Are you talking about sieving before loading into the PF?


----------



## jeebsy (May 5, 2013)

You can get them on eBay cheap sold as aquarium sieves


----------



## Mrboots2u (May 10, 2013)

froggystyle said:


> Are you talking about sieving before loading into the PF?


No sieving the coffee after it has poured , like you would a lumpy custard......


----------



## froggystyle (Oct 30, 2013)

Mrboots2u said:


> No sieving the coffee after it has poured , like you would a lumpy custard......


Errr have to ask why?


----------



## Mrboots2u (May 10, 2013)

froggystyle said:


> Errr have to ask why?


Do you really ????.


----------



## froggystyle (Oct 30, 2013)

I do believe so...

Or are you pulling my leg?


----------



## jeebsy (May 5, 2013)

Froggy have you never had a lumpy coffee?


----------



## froggystyle (Oct 30, 2013)

But Aaron says someone used to use it as part of his routine, would he be testing as part of a routine?


----------



## Mrboots2u (May 10, 2013)

froggystyle said:


> But Aaron says someone used to use it as part of his routine, would he be testing as part of a routine?


Go check the WBC clip links

He proper sieves his espresso after he pours it into another cup to "redefine it"

I believe this was because he wasn't allowed a centrifuge as part of his routine ...

Perhaps next year


----------



## jeebsy (May 5, 2013)

Lumps are caused by too high a dissolved solids, they bond again in the cup, bit of a hazard with the ek's higher extractions


----------



## Mrboots2u (May 10, 2013)

I have attempted sieving espresso at home, I may be able to demonstrate with a clip later on tonight if people are interested ....


----------



## froggystyle (Oct 30, 2013)

Another step in the process!


----------



## Mrboots2u (May 10, 2013)

froggystyle said:


> Another step in the process!


Dub step ....


----------



## froggystyle (Oct 30, 2013)

Bleeding ears!


----------



## garydyke1 (Mar 9, 2011)

The sieve itself requires different levels of 'fineness' dependant on roast colour.
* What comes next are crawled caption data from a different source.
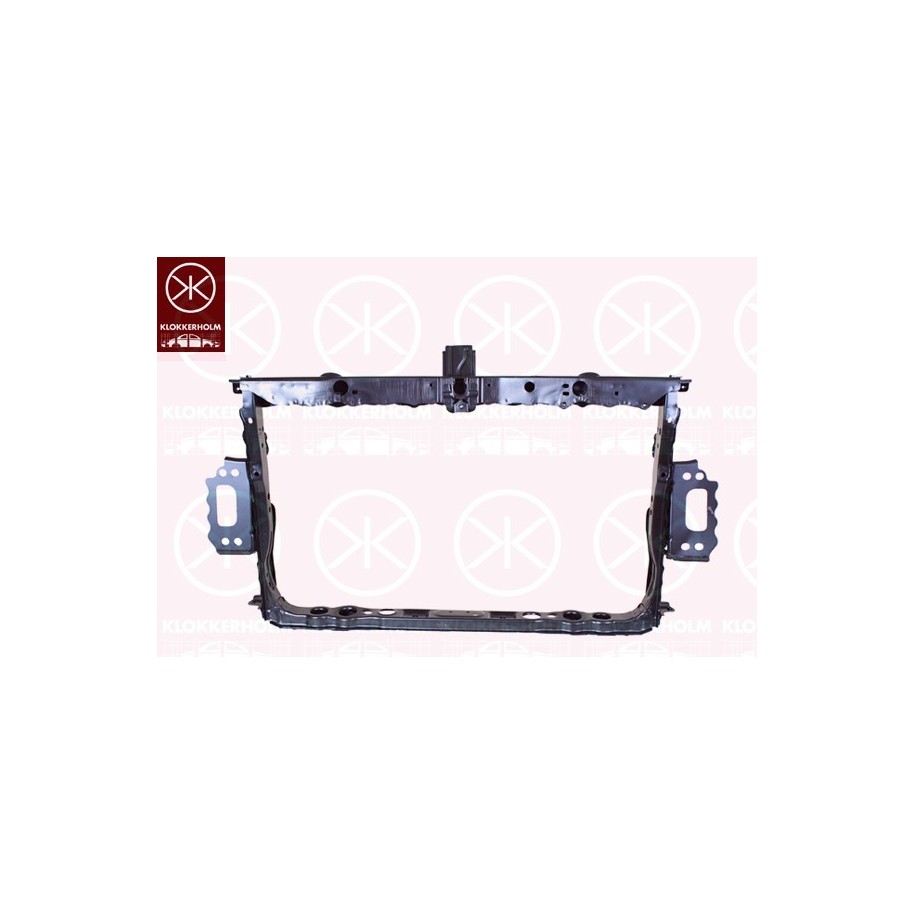 Front Slam Panel - KK 8120200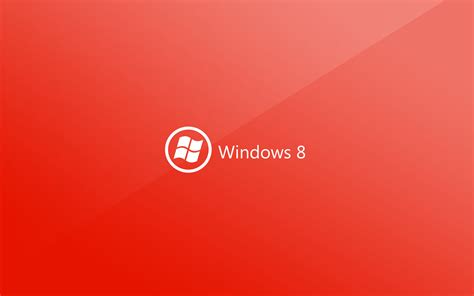 Windows 9 Background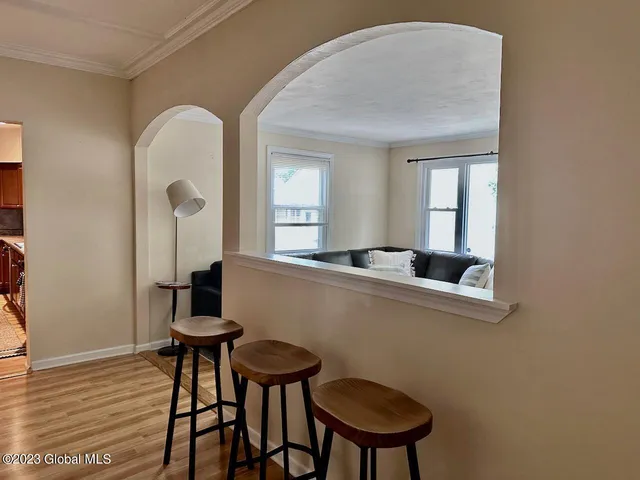 $769,900 | 74 Walnut Street, Saratoga Springs, NY 12866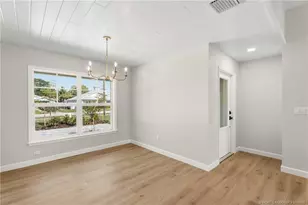 1120 SW 34th St, Palm City, FL 34994 - Photo 19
Darker you go the lumpier the brew, obviously.


----------



## Mrboots2u (May 10, 2013)

garydyke1 said:


> The sieve itself requires different levels of 'fineness' dependant on roast colour. Darker you go the lumpier the brew, obviously.


I will try with some dsol later tonight to demonstrate


----------



## michaelg (Jul 25, 2013)

I used to pop mine through the Kaffeologie AeroPress filter. Much more flavour clarity, less lumps for sure. Shame I lost it. Now I sometimes just line the portafilter with the AP paper filters. Not as nice though.


----------



## aaronb (Nov 16, 2012)

This seems to be the only option available cheaply, not sure if it is good enough?

http://www.ebay.co.uk/itm/125-MICRON-ZOOPLANKTON-STACKABLE-SIEVE-ROTIFERS-BRINE-SHRIMP-COPEPODS-MARINE-/321105749630

test sieves = very expensive


----------



## aaronb (Nov 16, 2012)

I'm wondering if that is too small and would take too long though.

Also further reading online suggests that 250 micron might be better for brewed, I'm fairly sure that the guy in the wbc routine was using 125 micron for his espresso though.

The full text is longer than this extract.